In [1]:
# Use ChromaDB for storing some vectors
# see https://docs.trychroma.com/guides
# - embedding
# - similarity / distance function
# - metadata
# - collections

In [2]:
import chromadb
# setup Chroma in-memory, for easy prototyping. Can add persistence easily!
client = chromadb.Client()

# client = chromadb.PersistentClient(path="/path/to/save/to")

In [3]:
from chromadb.utils import embedding_functions
embed_fn = embedding_functions.DefaultEmbeddingFunction()
embed_fn

<chromadb.utils.embedding_functions.onnx_mini_lm_l6_v2.ONNXMiniLM_L6_V2 at 0x11f864bd0>

In [4]:
inf_chunk_1 = """A vector database, vector store or vector search engine is a database that can store vectors 
(fixed-length lists of numbers) along with other data items. Vector databases typically implement one or more 
Approximate Nearest Neighbor algorithms,so that one can search the database with a query vector to retrieve the 
closest matching database records."""

inf_chunk_2 = """Vectors are mathematical representations of data in a high-dimensional space. In this space, 
each dimension corresponds to a feature of the data, with the number of dimensions ranging from a few hundred to 
tens of thousands, depending on the complexity of the data being represented. A vector's position in this space 
represents its characteristics. Words, phrases, or entire documents, as well as images, audio, and other types of data, 
can all be vectorized."""

inf_chunk_3 = """The Moon is Earth's only natural satellite. It orbits at an average distance of 384,400 km (238,900 mi), 
about 30 times the diameter of Earth. Tidal forces between Earth and the Moon have synchronized the Moon's orbital period 
(lunar month) with its rotation period (lunar day) at 29.5 Earth days, causing the same side of the Moon to always face Earth.  
"""

vector = embed_fn([inf_chunk_1])
print(type(vector))
print(type(vector[0]))
print(vector[0].shape)

<class 'list'>
<class 'numpy.ndarray'>
(384,)


In [8]:
import numpy as np

vector_1 = embed_fn([inf_chunk_1])[0]
vector_2 = embed_fn([inf_chunk_2])[0]
vector_3 = embed_fn([inf_chunk_3])[0]

def cosine_similarity(v1, v2):
    dot_product = np.dot(v1, v2)
    return  dot_product / (np.linalg.norm(v1) * np.linalg.norm(v2))
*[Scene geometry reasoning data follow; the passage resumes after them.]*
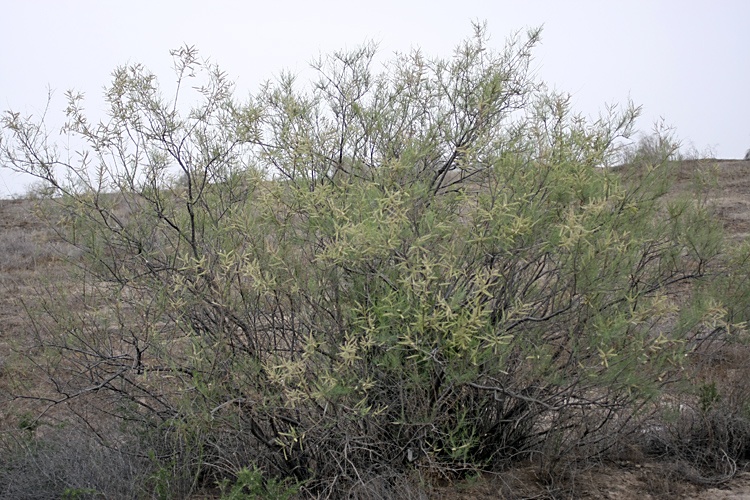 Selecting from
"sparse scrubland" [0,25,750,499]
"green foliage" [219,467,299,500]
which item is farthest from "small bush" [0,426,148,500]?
"green foliage" [219,467,299,500]

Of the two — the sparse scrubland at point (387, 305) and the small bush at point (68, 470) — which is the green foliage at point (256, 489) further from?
the small bush at point (68, 470)

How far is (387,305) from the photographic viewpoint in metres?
2.73

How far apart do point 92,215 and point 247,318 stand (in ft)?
5.20

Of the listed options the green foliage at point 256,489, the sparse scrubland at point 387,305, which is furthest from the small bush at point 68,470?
the green foliage at point 256,489

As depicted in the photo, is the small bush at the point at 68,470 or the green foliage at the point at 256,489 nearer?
the green foliage at the point at 256,489

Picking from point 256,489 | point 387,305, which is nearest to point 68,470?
point 256,489

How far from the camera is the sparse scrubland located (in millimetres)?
2859

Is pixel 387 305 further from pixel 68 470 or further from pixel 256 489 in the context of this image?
pixel 68 470

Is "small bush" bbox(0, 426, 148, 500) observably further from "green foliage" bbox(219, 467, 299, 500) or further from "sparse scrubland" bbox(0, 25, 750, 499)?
"green foliage" bbox(219, 467, 299, 500)

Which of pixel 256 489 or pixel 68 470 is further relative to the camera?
pixel 68 470

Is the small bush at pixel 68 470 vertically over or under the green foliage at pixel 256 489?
under

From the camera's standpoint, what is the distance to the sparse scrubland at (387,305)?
113 inches

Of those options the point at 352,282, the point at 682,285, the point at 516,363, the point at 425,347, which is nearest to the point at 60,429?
the point at 352,282

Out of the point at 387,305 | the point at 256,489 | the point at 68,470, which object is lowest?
the point at 68,470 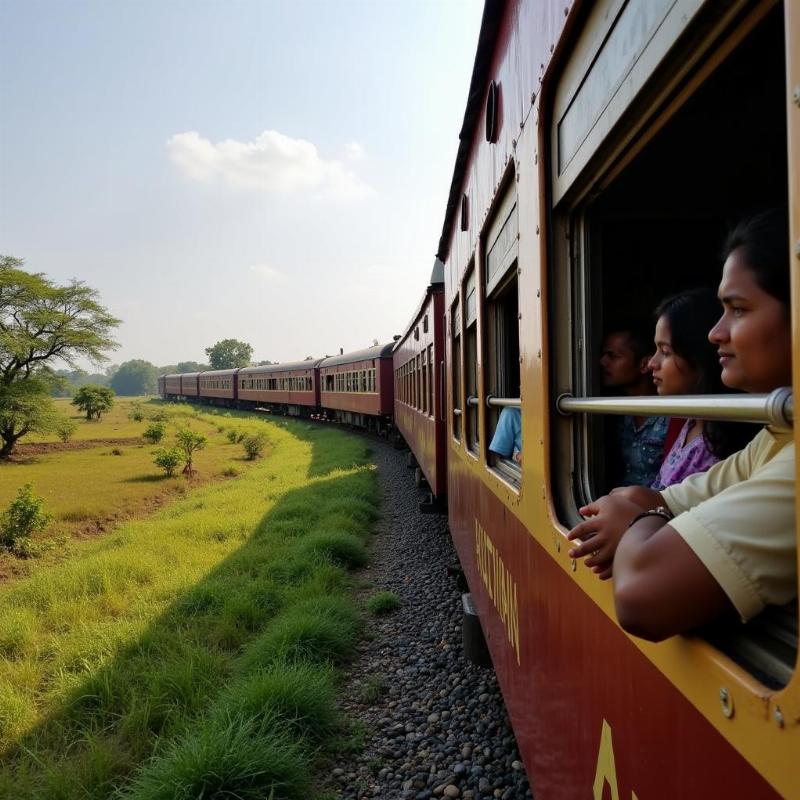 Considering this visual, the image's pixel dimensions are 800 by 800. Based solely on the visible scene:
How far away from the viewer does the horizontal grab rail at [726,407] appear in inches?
24.4

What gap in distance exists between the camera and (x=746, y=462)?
957mm

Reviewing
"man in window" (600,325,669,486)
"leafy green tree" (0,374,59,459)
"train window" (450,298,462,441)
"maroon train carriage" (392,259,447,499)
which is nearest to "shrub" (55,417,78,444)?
"leafy green tree" (0,374,59,459)

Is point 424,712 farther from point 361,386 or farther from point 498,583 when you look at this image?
point 361,386

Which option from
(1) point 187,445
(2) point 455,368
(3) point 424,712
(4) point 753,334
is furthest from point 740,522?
(1) point 187,445

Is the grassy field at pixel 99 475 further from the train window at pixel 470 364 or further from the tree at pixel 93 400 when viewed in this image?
the tree at pixel 93 400

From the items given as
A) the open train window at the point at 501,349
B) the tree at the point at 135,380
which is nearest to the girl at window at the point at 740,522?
the open train window at the point at 501,349

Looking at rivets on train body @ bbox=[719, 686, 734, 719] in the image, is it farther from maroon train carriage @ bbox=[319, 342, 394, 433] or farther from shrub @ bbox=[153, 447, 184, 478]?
maroon train carriage @ bbox=[319, 342, 394, 433]

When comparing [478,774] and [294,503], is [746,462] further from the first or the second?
[294,503]

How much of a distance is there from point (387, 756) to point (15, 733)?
2.09m

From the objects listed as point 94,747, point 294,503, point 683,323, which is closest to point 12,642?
point 94,747

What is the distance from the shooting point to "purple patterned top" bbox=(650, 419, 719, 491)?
1280 mm

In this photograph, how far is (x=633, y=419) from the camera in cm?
177

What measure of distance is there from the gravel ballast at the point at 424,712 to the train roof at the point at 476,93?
2.84 meters

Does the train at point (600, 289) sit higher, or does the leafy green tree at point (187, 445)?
the train at point (600, 289)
print(np.linalg.norm(vector_1))
print(np.linalg.norm(vector_2))
print(np.dot(vector_1, vector_2))
print(np.linalg.norm(vector_1 - vector_2))
print(cosine_similarity(vector_1, vector_2))

0.99999994
0.99999994
0.68767667
0.79034597
0.6876767


In [11]:
vectors = [vector_1, vector_2, vector_3]

for i, v1 in enumerate(vectors):
    for j, v2 in enumerate(vectors):
        print(f"({i+1},{j+1})",cosine_similarity(v1, v2), np.linalg.norm(v1 - v2))

(1,1) 1.0000001 0.0
(1,2) 0.6876767 0.79034597
(1,3) -0.008222253 1.4200157
(2,1) 0.6876767 0.79034597
(2,2) 1.0000001 0.0
(2,3) 0.019836674 1.4001166
(3,1) -0.008222253 1.4200157
(3,2) 0.019836674 1.4001166
(3,3) 1.0 0.0


In [13]:
# Create a collection
try:
    client.delete_collection(name="my_collection")
except Exception as e:
   print(e)
    
collection = client.create_collection(name="my_collection", 
                                      embedding_function=embed_fn, 
                                      metadata={"hnsw:space": "cosine"} # l2 is the default
                                     )
collection = client.get_collection(name="my_collection", embedding_function=embed_fn)

In [14]:
import uuid

ids = []
for i  in range(3):
    ids.append(str(uuid.uuid4()))

collection.add(
    documents=[inf_chunk_1, inf_chunk_2, inf_chunk_3],
    metadatas=[
        {"wikipedia": "Vector database", "url": "https://en.wikipedia.org/wiki/Vector_database"}, 
        {"wikipedia": "Vector database", "url": "https://en.wikipedia.org/wiki/Vector_database"}, 
        {"wikipedia": "Moon", "url": "https://en.wikipedia.org/wiki/Moon"}],
    ids=ids
)

In [15]:
question = "Tell me something about the moon."
question_embeddings = embed_fn([question])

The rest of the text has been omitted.